|Sea-Change: Wivenhoe Remembered|
Introduction by Paul Thompson
Our book and the material on this website tells the story of how Wivenhoe has changed since the inter-war years, through to the 1980s, and with reflections from present-day perspectives. In the last eighty years a small riverside industrial village of little more than 2,000 people has grown to a town of 10,000, lost most of its industry and many of its shops, but gained a community of artists and the university. This is an oral history of Wivenhoe in this time of profound change, told here through the voices of its own people, the men and women, both locally-born and newcomers, older and younger, who have experienced these transforming times.
Oral history is spoken history, and the rhythms and patterns of speech are not the same as those of written English. In editing from the memories recorded for this project, we have condensed and tightened most extracts, but we have kept the grammar and turns of phrase and lyricism of oral speech, thus keeping our texts closer and truer to the spoken record.
One of the major strengths of oral history is that it can bring in evidence from a much wider social range than is possible from written sources, bringing a variety of perspectives on the same social changes. Thus landowning families are richly documented in the record offices, but here we can have been able to bring in witness from among their domestic servants and their ploughmen. Similarly, we can match the skilled shipyard craftsman with his apprentice, the shopkeeper with the delivery boy, the clergyman with the choirboy, the yachtsman with the yachtswoman. Oral history is equally valuable in giving us an almost unique access to many hidden aspects of the history of everyday life: for example, changing work culture, or leisure activities, or the world of childhood play.
Oral history also raises the question of memory. Certainly everyone’s memory is at least to some extent reshaped over time by personal experience. Fortunately research has shown that memory is strongest and most reliable for experiences which are regularly repeated, and this includes many of the themes we cover here, such as the experiences of work or family relationships. Conversely, memories of once-only events, such as accounts local conflicts, need to be read much more cautiously.
Sometimes, however, factual accuracy is not the main interest of a testimony. Very often stories and anecdotes are carrying a social message: such as the railway engine drivers whose off-duty tales of semi-mythical exploits tell us so eloquently of the drivers’ pride in their work skills. Other memories represent feelings and opinions, and it does not matter at all if these are different from those of other people: on the contrary, our sense of the varying experience of social change comes precisely from these contrasts.
In the chapters which follow, we look at changes in different aspects of Wivenhoe life: the farms, the riverside, factories, shops and so on.

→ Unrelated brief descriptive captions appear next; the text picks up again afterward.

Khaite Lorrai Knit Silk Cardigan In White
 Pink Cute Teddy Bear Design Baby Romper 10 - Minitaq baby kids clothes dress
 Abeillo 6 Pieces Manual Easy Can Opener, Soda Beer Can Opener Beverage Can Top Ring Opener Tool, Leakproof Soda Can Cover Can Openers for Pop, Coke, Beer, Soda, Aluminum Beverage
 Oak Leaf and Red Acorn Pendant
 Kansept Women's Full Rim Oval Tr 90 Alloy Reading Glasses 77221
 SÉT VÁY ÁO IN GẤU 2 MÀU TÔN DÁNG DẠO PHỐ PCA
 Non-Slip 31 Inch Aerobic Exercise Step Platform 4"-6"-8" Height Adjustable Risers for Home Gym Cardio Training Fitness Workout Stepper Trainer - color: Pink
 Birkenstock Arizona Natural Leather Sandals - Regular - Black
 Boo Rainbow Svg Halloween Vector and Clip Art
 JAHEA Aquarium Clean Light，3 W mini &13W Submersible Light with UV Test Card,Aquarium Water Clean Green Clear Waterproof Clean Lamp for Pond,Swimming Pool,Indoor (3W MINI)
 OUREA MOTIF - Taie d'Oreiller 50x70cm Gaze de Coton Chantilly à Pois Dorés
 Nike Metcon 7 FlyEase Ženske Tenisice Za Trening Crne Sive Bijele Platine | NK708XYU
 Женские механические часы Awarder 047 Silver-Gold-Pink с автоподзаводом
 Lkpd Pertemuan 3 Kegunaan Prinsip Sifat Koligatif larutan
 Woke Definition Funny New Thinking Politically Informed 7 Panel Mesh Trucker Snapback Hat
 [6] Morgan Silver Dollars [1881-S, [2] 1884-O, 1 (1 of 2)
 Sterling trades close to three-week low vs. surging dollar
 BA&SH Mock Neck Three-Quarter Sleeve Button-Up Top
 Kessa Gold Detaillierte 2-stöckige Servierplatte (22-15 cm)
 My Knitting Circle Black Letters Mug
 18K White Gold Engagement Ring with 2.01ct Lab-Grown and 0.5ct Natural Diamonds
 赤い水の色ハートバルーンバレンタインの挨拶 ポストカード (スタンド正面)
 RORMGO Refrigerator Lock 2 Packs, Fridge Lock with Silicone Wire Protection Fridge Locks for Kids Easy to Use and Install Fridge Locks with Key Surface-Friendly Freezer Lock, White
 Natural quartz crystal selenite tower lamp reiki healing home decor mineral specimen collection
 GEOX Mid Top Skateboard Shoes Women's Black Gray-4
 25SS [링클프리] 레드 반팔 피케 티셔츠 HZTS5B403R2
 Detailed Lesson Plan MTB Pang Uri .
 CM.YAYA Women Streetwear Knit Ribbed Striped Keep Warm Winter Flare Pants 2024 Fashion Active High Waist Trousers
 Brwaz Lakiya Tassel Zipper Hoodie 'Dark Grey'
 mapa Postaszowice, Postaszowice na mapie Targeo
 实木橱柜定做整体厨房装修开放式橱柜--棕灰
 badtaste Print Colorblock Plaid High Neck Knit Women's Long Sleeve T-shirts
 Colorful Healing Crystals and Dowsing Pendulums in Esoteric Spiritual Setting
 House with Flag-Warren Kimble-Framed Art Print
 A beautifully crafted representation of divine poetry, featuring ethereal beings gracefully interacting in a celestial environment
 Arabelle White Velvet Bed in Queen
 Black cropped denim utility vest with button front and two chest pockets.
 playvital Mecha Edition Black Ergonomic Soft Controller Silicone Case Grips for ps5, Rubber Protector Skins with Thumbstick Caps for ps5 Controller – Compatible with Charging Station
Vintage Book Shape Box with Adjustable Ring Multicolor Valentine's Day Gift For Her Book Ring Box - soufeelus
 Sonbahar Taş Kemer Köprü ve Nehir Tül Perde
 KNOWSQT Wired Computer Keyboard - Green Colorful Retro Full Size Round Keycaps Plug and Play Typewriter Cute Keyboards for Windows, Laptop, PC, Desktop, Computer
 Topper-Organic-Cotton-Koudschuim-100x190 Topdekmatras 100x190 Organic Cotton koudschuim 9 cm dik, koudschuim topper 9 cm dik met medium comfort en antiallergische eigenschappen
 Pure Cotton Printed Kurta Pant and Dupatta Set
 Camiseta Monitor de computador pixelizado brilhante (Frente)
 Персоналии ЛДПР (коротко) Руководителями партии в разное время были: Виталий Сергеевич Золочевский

But let us begin with some overall views of the changing village, bringing out how there is no single story of Wivenhoe since the 1920s, but rather a series of perspectives, varying by age, position and experience. The first (exceptionally in this book) is from a written autobiography, Destiny Delayed, by Bill Loveless, born in 1921, whose father ran the gravel pit, and the last three from ten-year-olds are from a workshop held by the project at Broomgrove School in May 2006.
Some views of changing Wivenhoe
From the 1920s to the 1980s – Bill Loveless
In the late 1920s it could be called a rather non-descript sort of village: with a stratum of discontent because of decline in the River Colne shipbuilding prosperity of the war years: and a more narrow, rather clique like discontent that the days of fitting out and serving on rich men’s yachts were also drawing to an end A few of the middle class proper there were in the village: two doctors, the Rector, an occasional person of culture and means, and one or two business men But most of its inhabitants would now be called lower middle class, working in hum-drum jobbing, or retailing, or clerical capacities. Art-loving, riverside, semi-Bohemian Wivenhoe had yet to come.
Canon Stephen Hardie
I always felt Wivenhoe had four different types of people. First of all there were the people who worked in the Shipyard. When I went to Wivenhoe first of all, the Shipyard was very active… Another part of Wivenhoe was the University which I think when I first went there was still going through slightly trying times. And the third group were the commuters – the people who worked out of Wivenhoe in Colchester or London, they were tied, totally, to the railway. And then the fourth group, what I would just call the old Wivenhoe people that had always lived there. I always felt that in many ways Wivenhoe was wonderfully classless.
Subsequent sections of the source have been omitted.